Actually, it has rained every day since the Golden Knights cruised in via the Beltway to resume the Stanley Cup Final against fellow upstart Washington. But this was the first day the weather matched the team’s mood:
Lots of low pressure. Mostly socked in.
Low pressure for sure.
That will become a much higher pressure if Vegas doesn’t get sorted out in Monday’s Game 4 at Capital One Arena.
The Knights seem to know this. This is the first time they’ve lost two in a row since the battle for Lord Stanley’s Cup commenced, and while their backs aren’t exactly pressed to the wall, the wall is getting closer.
Judging from their postgame quotes, and the utterances of the few who addressed the media on Sunday Soggy Sunday, this is a team struggling to explain how something that has gone so right for so long could go so wrong so fast.
Like the song from the old Rodgers and Hart musical, the Knights sounded bewitched, bothered and bewildered as they offered possible explanations for the Capitals having turned the series around.
Explainin’ to do
Not enough shots? “We have to get more pucks on net. Twenty-two shots isn’t going to win you many games,” said bewitched Ryan Reaves.

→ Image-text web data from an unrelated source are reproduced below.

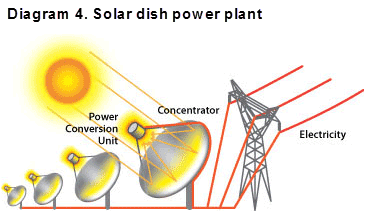 Diagram 4. Solar dish power plant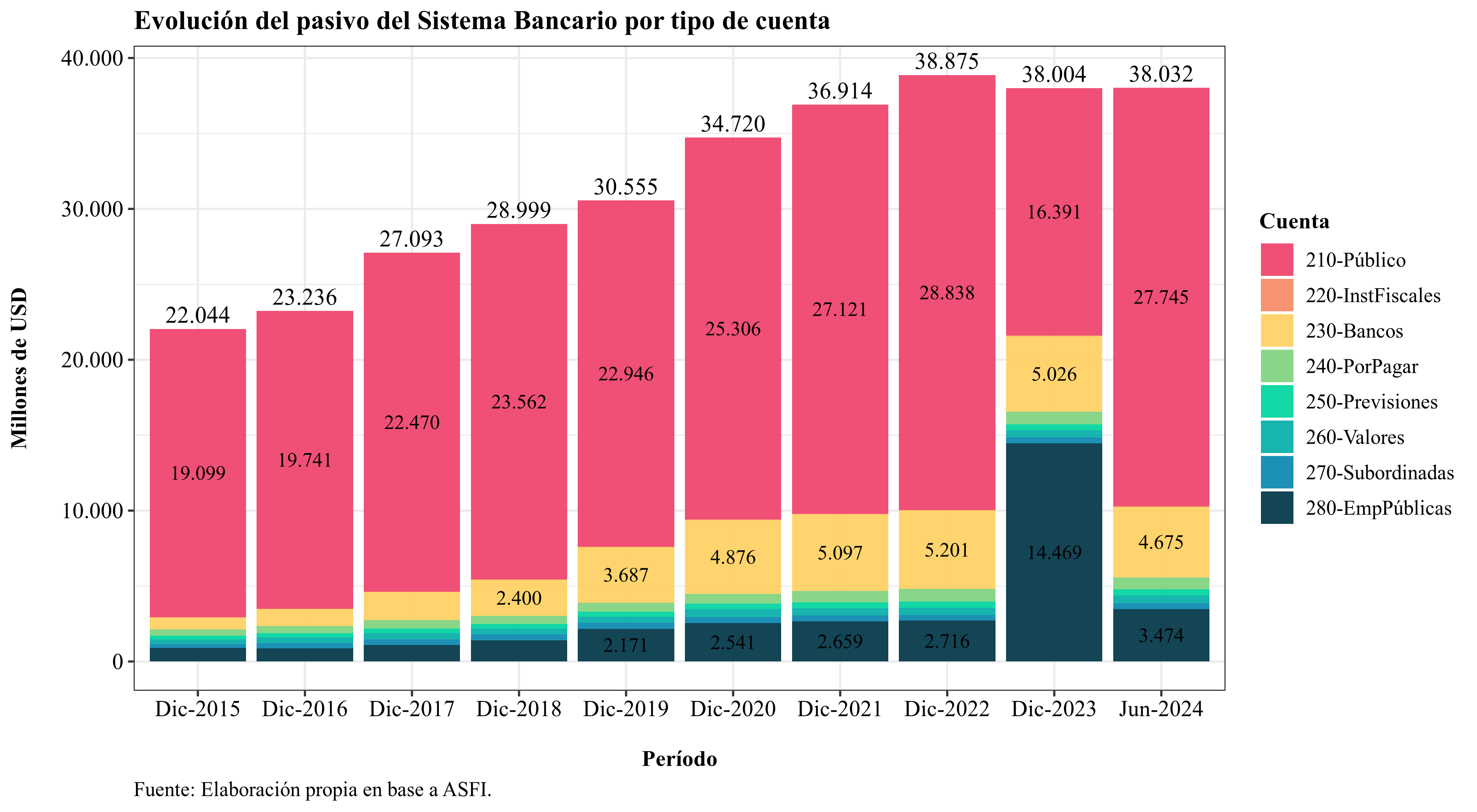 Liabilities evolution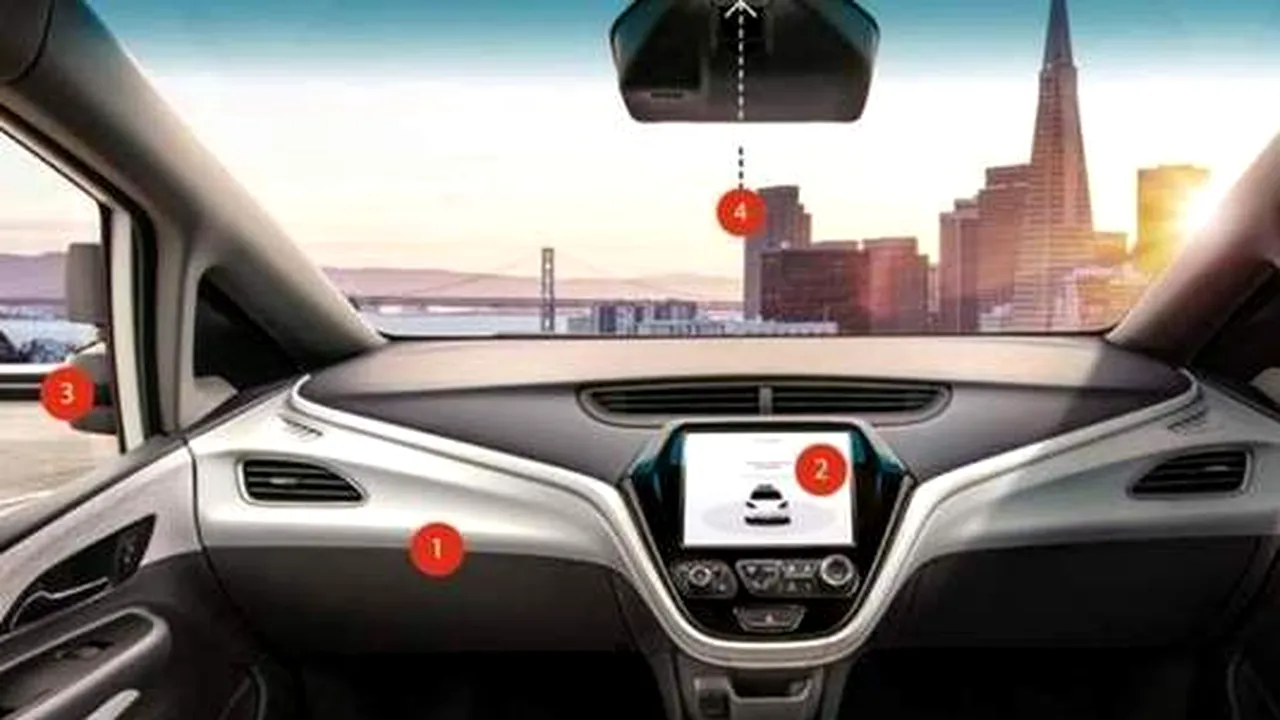 Când va apărea pe șosele mașina care se conduce singură. Cum funcționează automobilul care nu are volan sau pedale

Not enough effort? “I think everybody knows what’s at stake right now. We have to find ways to come back in games, keep battling. It’s the finals. I don’t think anybody needs a reminder to play hard,” said bothered Marc-Andre Fleury.
Not enough rest? “We had twice as much time off as they have in the playoffs. We should have a lot in the tank. Just gotta dig down and go harder,” said bewildered Deryk Engelland.
Not enough production from the second forward line? “We’ve got to improve for sure. Definitely our line being minus-3 is not a good performance,” said bewitched David Perron.
Too many mistakes by Shea Theodore leading to Washington goals? “I don’t get what you’re saying. I thought he was fine. He’s been great all year,” said bothered James Neal.
Too much broken stick? “On that play, I tried to keep the puck in (the attacking zone) the best I can. When you don’t have a stick, it’s tough to back out, especially on an odd-man rush. That’s one I’d like to have back,” said bewildered Shea Theodore.
Too many Capitals standing tall on the blue line? “We saw that before, in the Tampa series. They clogged them up, a skill team. You think you can make a play, have some room to skate, and then it gets clogged up pretty quick.” added Neal, a little bewitched.
Too much dependence on Marc-Andre Fleury? “Our goalie’s been bailing us out with huge saves, and we have to bear down and be better for him,” added Engelland, a little bothered.
Too much adversity? “Yeah. We haven’t lost two in a row. We’ve only been down for a game. It’s not like we haven’t been here.” Reaves again. A lot bewildered.
Too much trust in the weatherman, or in time-honored axioms? “It’s frustrating to lose. We would like to win every game. But tomorrow the sun will rise again.”
That was Fleury, trying to be optimistic.
The sun did not rise again on Sunday in the District of Columbia. Apparently when the Knights’ netminder was channel surfing, the Weather Channel was showing the forecast for Bora Bora.
Far from out of it
If somebody put up a dartboard listing all the reasons that could cause a team to lose a hockey game, the Knights might have hit every spot on the cork. Except, perhaps, the bull’s-eye.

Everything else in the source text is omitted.